Часть 1
10 января 2016 г. в 13:30
Всё началось, когда одним прекрасным утром Акта объявила персонажам, что по причине глубочайшего запоя на работу не выйдет Тигеллиныч.
— Как это — без Тигеллиныча? — возмутился Виниций. –Во-первых, нарушается вся структура произведения. А во-вторых, почему это Тигеллинычу можно работу прогуливать?
— Ребята, давайте с пониманием: всё-таки человек самого гнусного подонка на протяжении всего романа отрабатывает. Ну, сдали нервишки немного, с кем не бывает?
— Нет, вы слышали? — не унимался Виниций. –Мы, оказывается, теперь обязаны покрывать прогулы Тигеллиныча только потому, что он, бедняга, подонка отрабатывает! То, что он на работе бухой постоянно — это уже вообще стало нормой, теперь давайте ещё и свободный график ему установим!
— Маркусенька, чаще всего нетрезвое состояние Тигеллиныча является элементом сюжета.

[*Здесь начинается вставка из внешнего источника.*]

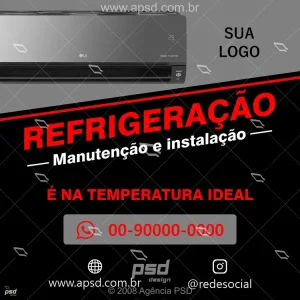 Arte refrigeração
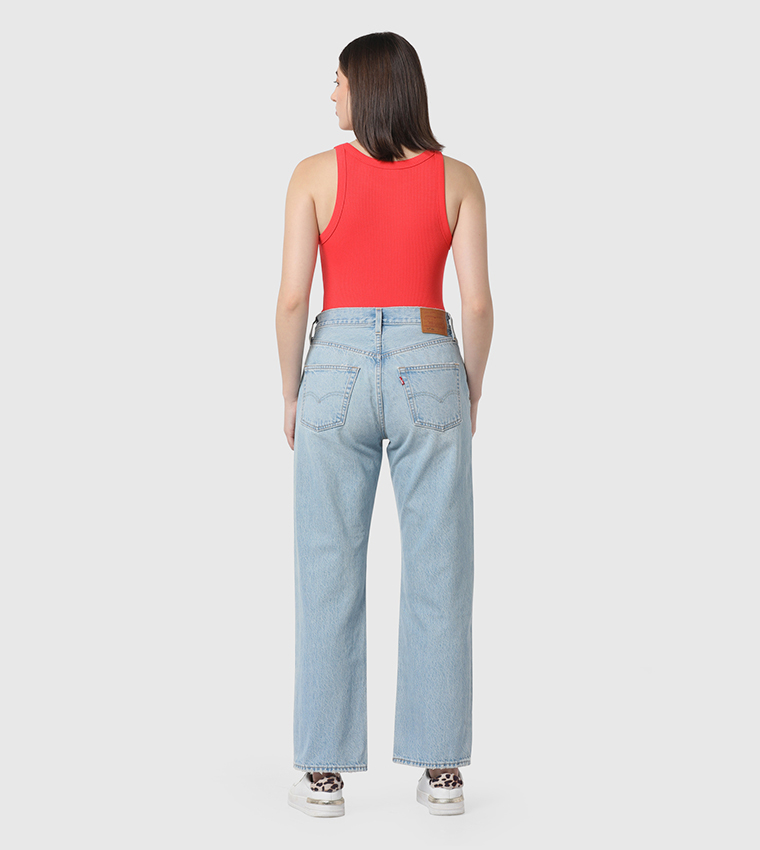 501 '90S Ankle Straight Fit Jeans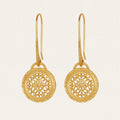Temple Of The Sun - Dafni Earrings - Gold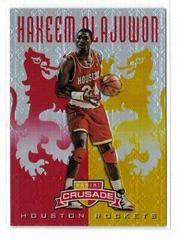 Hakeem Olajuwon [Red & Gold] #73 Basketball Cards 2012 Panini Crusade Prizm Prices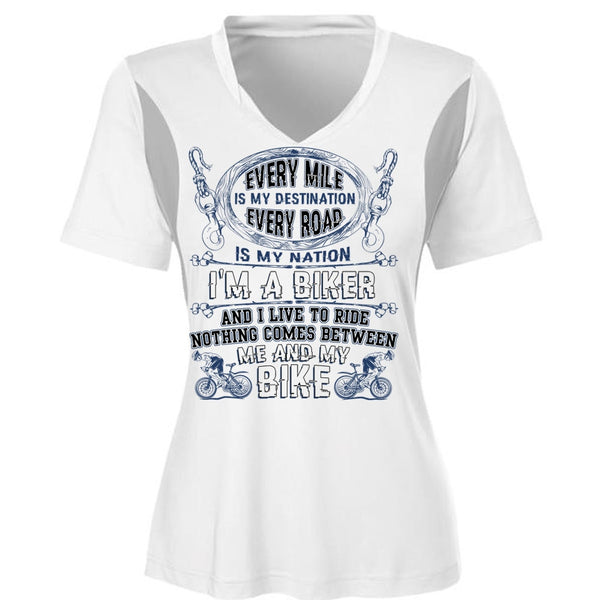 Me And My Bike T Shirt, I Love Biker T Shirt, Awesome T-Shirts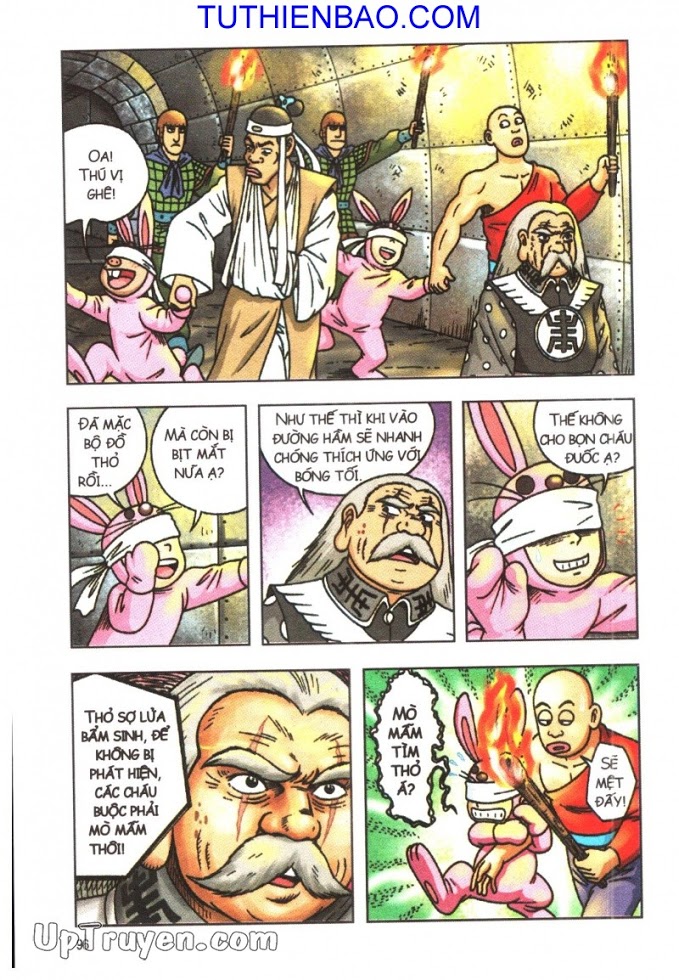 Ô Long Viện - Linh Vật Sống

— Сюжета?! — ревел Виниций, бешено обводя взглядом присутствующих. — Как мне — так даже к невропатологу на полчаса отъехать нельзя, а как ему — так пожалуйста, ходи на работу, как пожелаешь! Вот возьму и свалю без предупреждения! И делайте, что хотите.
— К невропатологу тебя отпускали. В итоге ты сам не поехал, — констатировала Акта.
— Ну и вали, — сказал Нероныч. — И милую свою с собой забирай: ваша блевотно-приторная сюжетная линия, хэппи-энд и розовые сопли не вяжутся с напряжённо-драматическим настроением всего произведения и законами жанра.
— Ты охренел?! –заорал Виниций не своим голосом. Урс на всякий случай приготовился оттаскивать его от Нероныча, если вдруг молодой неврастеник надумает прибить императора.
— Да мой образ выражает сложный путь Европы от изживших себя идеалов языческого мира к христианским ценностям новой эпохи! А ваши образы что выражают?! Ни хрена они не выражают!
— Аннотаций начитался наш Маркусенька, — печально вздохнула Акта.
— Виниций, — сказал Петроний, — твоё личное преображение не имеет никакого отношения к судьбам Европы. К тому же, через несколько столетий эта же христианская Европа в лице святой инквизиции будет творить такие вещи, глядя на которые наш Нероныч сдох бы от зависти. Детский сад, ей-богу.
— Причём здесь инквизиция?! Я говорю о том, что могло заполнить духовный вакуум в сознании европейского человека!
— Ну всё, понеслось, — шепнул Вителлий Ватинию, — сейчас этот психопат про своё духовное развитие рассказывать начнёт. Сгоняем в буфет?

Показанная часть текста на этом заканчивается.